◆ **Material to process**:
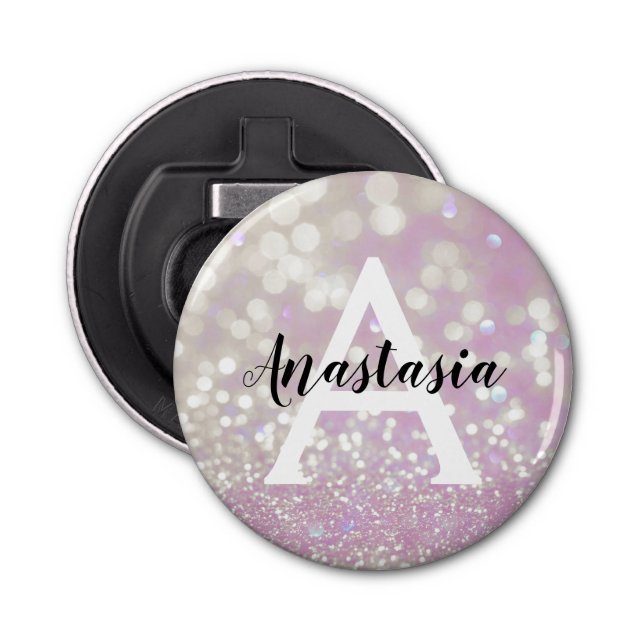 Girl Lilac Shimmer Glitzer Glitzern Monogram Name Flaschenöffner (Vorderseite)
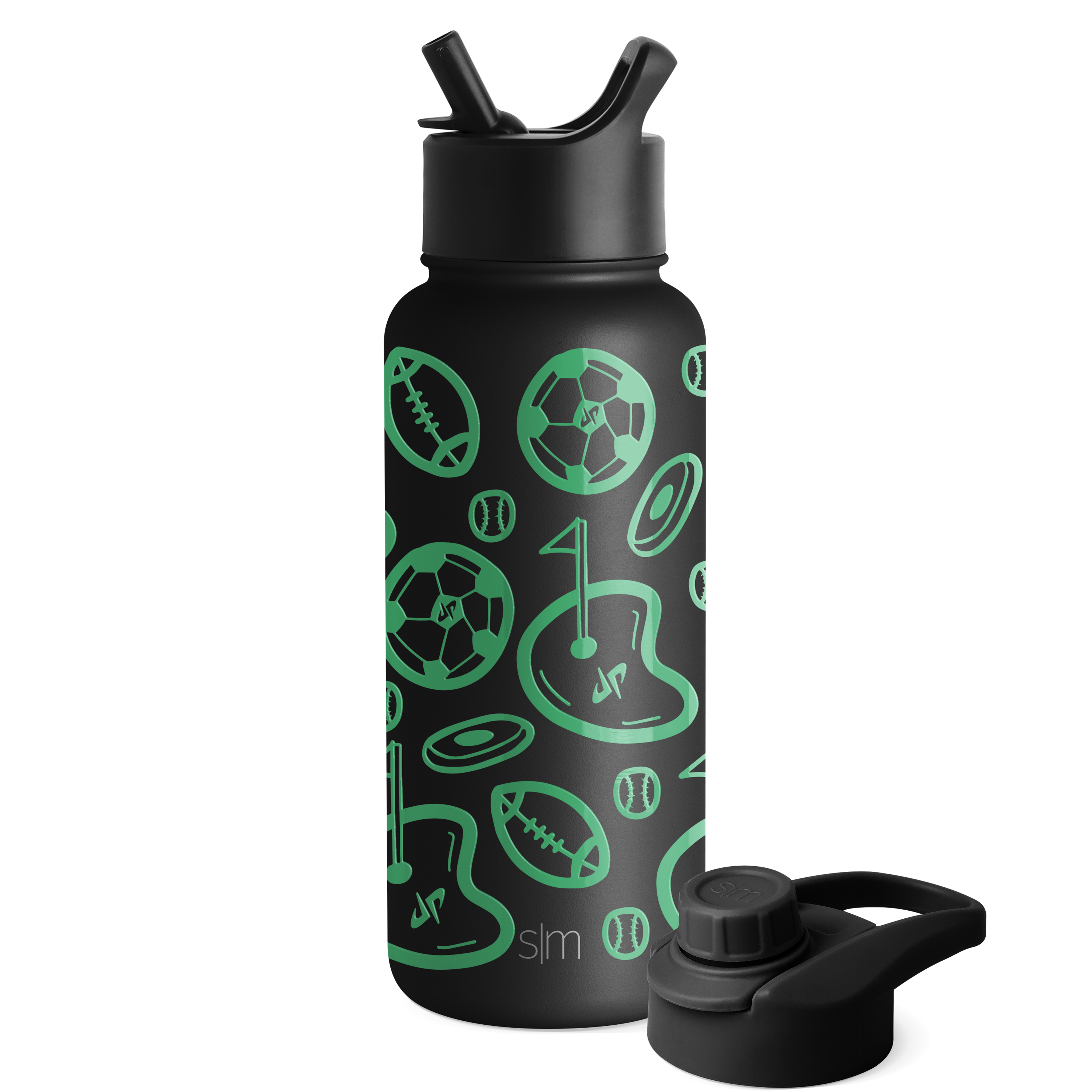 Dude Perfect Summit Water Bottle with Straw Lid & Chug Lid - Leakproof Stainless Steel Insulated Bottle for Gym, Hiking, Sports & Outdoor Activities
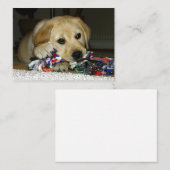 おもちゃを持つLRの黄色のラブラドール子犬 ノートカード (正面/裏面)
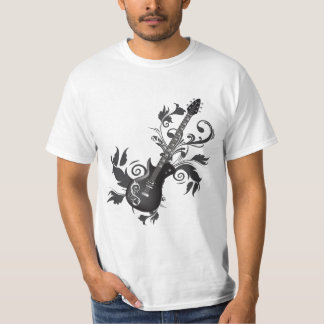 T-shirt Guitare Électrique, Fils Et feuilles Abstraits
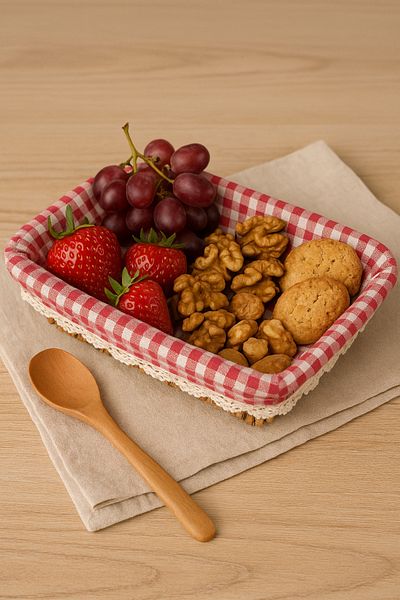 NEWNOW Red Checkered Bread Basket with Rustic Lace Detail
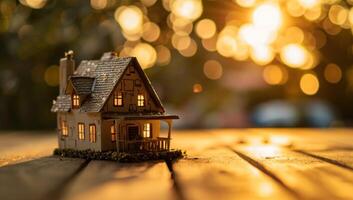 ai generado un casa miniatura es en un de madera mesa foto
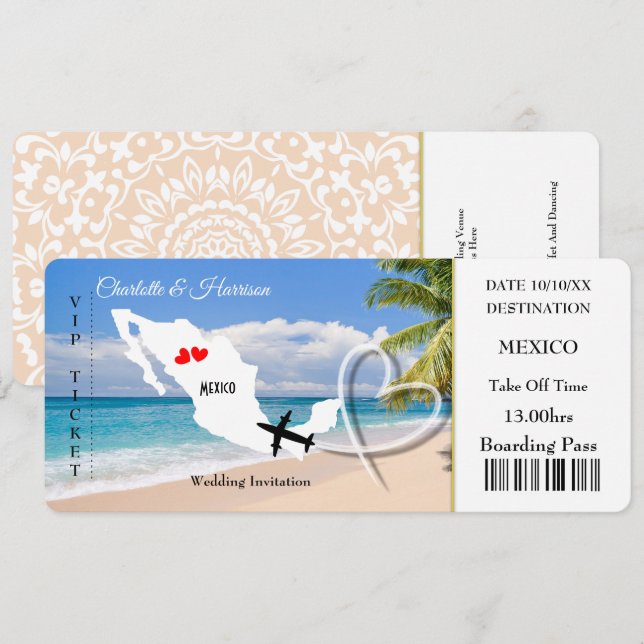 Invitación Billete de destino de boda México (Anverso / Reverso)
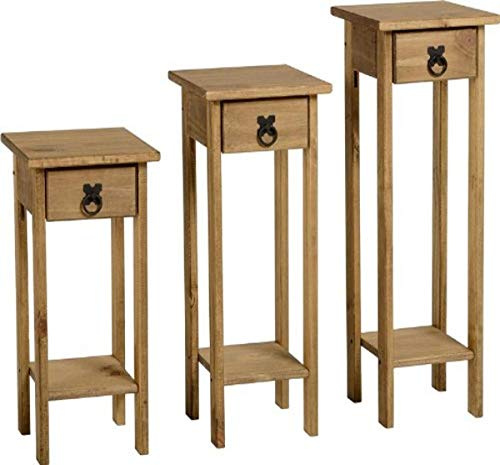 Seconique Corona 3X Plant Stands in Distressed Waxed Pine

◆ **Problem to solve**:
Pictures stay out; everything else in the listing above gets repeated exactly.

◆ **Problem solution**:
 Girl Lilac Shimmer Glitzer Glitzern Monogram Name Flaschenöffner (Vorderseite)
 Dude Perfect Summit Water Bottle with Straw Lid & Chug Lid - Leakproof Stainless Steel Insulated Bottle for Gym, Hiking, Sports & Outdoor Activities
 おもちゃを持つLRの黄色のラブラドール子犬 ノートカード (正面/裏面)
 T-shirt Guitare Électrique, Fils Et feuilles Abstraits
 NEWNOW Red Checkered Bread Basket with Rustic Lace Detail
 ai generado un casa miniatura es en un de madera mesa foto
 Invitación Billete de destino de boda México (Anverso / Reverso)
 Seconique Corona 3X Plant Stands in Distressed Waxed Pine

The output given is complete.